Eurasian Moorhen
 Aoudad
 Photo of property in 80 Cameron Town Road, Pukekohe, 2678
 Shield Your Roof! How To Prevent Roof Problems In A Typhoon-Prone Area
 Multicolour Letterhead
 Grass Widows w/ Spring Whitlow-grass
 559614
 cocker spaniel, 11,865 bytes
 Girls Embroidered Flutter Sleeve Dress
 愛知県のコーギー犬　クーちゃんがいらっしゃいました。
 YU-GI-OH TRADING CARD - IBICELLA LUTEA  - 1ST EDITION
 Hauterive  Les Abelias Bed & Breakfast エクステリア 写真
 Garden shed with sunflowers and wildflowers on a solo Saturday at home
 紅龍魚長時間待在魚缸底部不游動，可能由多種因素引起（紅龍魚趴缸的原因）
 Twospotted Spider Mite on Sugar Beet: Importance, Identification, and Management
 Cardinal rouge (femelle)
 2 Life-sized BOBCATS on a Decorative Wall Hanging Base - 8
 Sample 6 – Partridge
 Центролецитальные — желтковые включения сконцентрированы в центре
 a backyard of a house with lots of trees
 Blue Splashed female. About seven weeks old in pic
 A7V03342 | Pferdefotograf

------------------------------------------------------------

Work instructions
Every line in the data above has to be retyped exactly.

Answer section
Eurasian Moorhen
 Aoudad
 Photo of property in 80 Cameron Town Road, Pukekohe, 2678
 Shield Your Roof! How To Prevent Roof Problems In A Typhoon-Prone Area
 Multicolour Letterhead
 Grass Widows w/ Spring Whitlow-grass
 559614
 cocker spaniel, 11,865 bytes
 Girls Embroidered Flutter Sleeve Dress
 愛知県のコーギー犬　クーちゃんがいらっしゃいました。
 YU-GI-OH TRADING CARD - IBICELLA LUTEA  - 1ST EDITION
 Hauterive  Les Abelias Bed & Breakfast エクステリア 写真
 Garden shed with sunflowers and wildflowers on a solo Saturday at home
 紅龍魚長時間待在魚缸底部不游動，可能由多種因素引起（紅龍魚趴缸的原因）
 Twospotted Spider Mite on Sugar Beet: Importance, Identification, and Management
 Cardinal rouge (femelle)
 2 Life-sized BOBCATS on a Decorative Wall Hanging Base - 8
 Sample 6 – Partridge
 Центролецитальные — желтковые включения сконцентрированы в центре
 a backyard of a house with lots of trees
 Blue Splashed female. About seven weeks old in pic
 A7V03342 | Pferdefotograf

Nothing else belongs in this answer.